During 2012 and 2013, a rebranding of services took place on taxis all over Ireland, and on some of the fleet in both Dublin Bus and Bus Éireann, using the new name Transport for Ireland. This continued over several coming years.

In December 2013, the NTA announced that around 10% of routes then operated by Dublin Bus and Bus Éireann under their direct award contracts would be subject to competitive tendering, with a view to services commencing in 2016. Also in late 2013, the NTA published a plan for a cycle network in Greater Dublin, with greenways, cycleways and cycle paths which would potentially make the city and its surrounds accessible by bicycle – the Greater Dublin Area Cycle Network. The cycle network plan has not been implemented and, as of 2021, the NTA noted that the organisation was then "in the process of updating the GDA Cycle Network Plan" and that it planned to publish this update "later in 2021".

As of 2022, the NTA had partially implemented an infrastructure program, titled BusConnects, with a focus on the bus networks in several cities in Ireland. Described by the NTA as intended to "improve bus services across the country", by mid-2022 the BusConnects program was in "implementation" phase in Dublin, "consultation" phase in Cork, with the Minister for Transport projecting similar initiatives in Galway, Limerick and Waterford.

==Establishment timeline==

The name of the body, under the Dublin Transport Authority Act 2008, was originally to be "Dublin Transport Authority". However, in the budget announced in October 2008, the Irish government announced a major review of public service bodies, with bodies being amalgamated where it was felt savings could be made. A separate national transport regulator was originally intended to be set up to license public transport, but an annex to 2009 budget revealed that the government intended to incorporate both this body and the Commission for Taxi Regulation into the DTA. In an interview in The Irish Times on 14 January 2009, the Minister for Transport at the time, Noel Dempsey, confirmed this would be the case.
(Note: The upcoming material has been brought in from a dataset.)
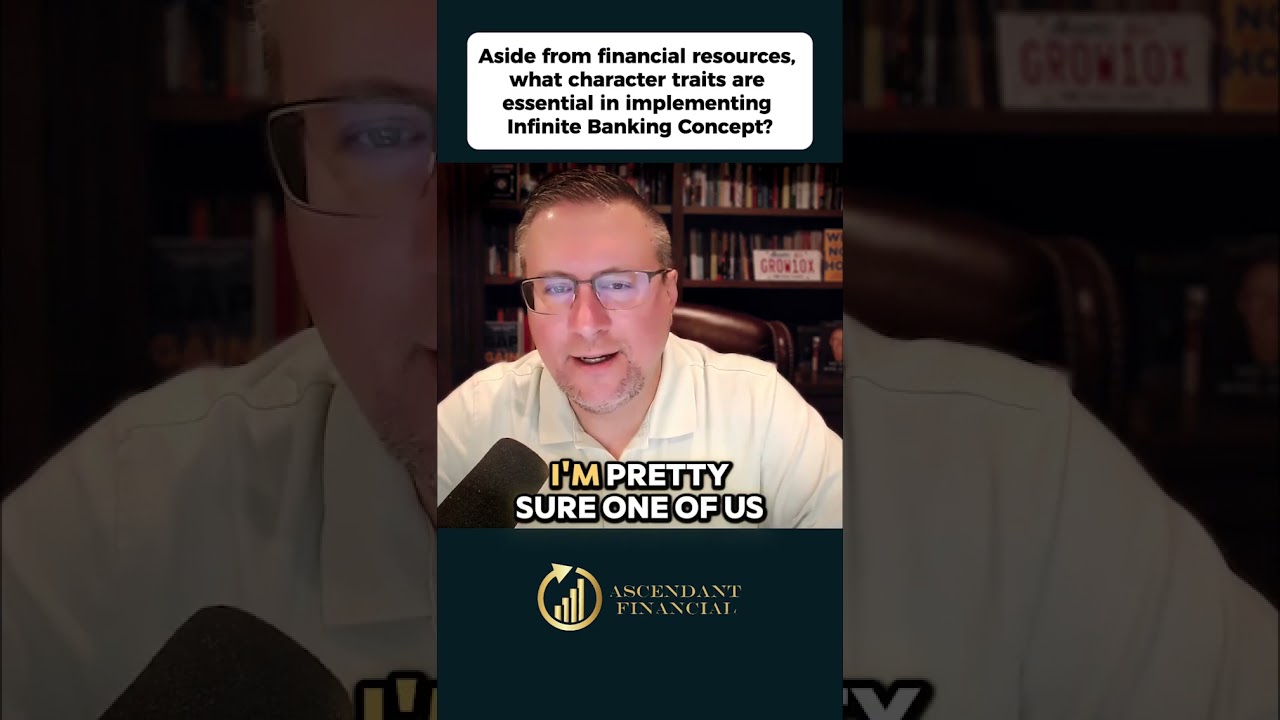 Aside from financial resources, what character traits are essential in implementing IBC?: YouTube Thumbnail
In January 2009, the Public Appointments Service advertised the position of chief executive officer of the DTA. The advertisement noted the government's intention to "assign national responsibility to the DTA for bus market regulation and the procurement of public transport services under public service obligations" and for the DTA to take over the duties of the Commission for Taxi Regulation.

In September 2009, former Dublin city manager John Fitzgerald was appointed chairman designate of the NTA, with Gerry Murphy appointed chief executive designate.

Also in September 2009, the Public Transport Regulation Bill (2009) was published. This gave it responsibility for licensing road passenger transport services throughout the state. It also provided for the abolition of the Taxi Regulator and the transfer of its functions to the renamed National Transport Authority. This is in addition to its Dublin-specific functions granted under the DTA Act, which it retained.

In October 2009, the Minister announced that the Commission for Aviation Regulation would be merged with the new authority, with certain functions of the Irish Aviation Authority also to be transferred. However, neither of these proposals actually made it into the Public Transport Regulation Act 2009, which was promulgated on 27 November 2009.

The Public Transport Regulation Act (2009) proposed to change the name of the organisation to the National Transport Authority, and this was done with effect from the establishment day of the Authority under the Public Transport Regulation Act 2009 (National Transport Authority) (Appointed Day) Order 2009.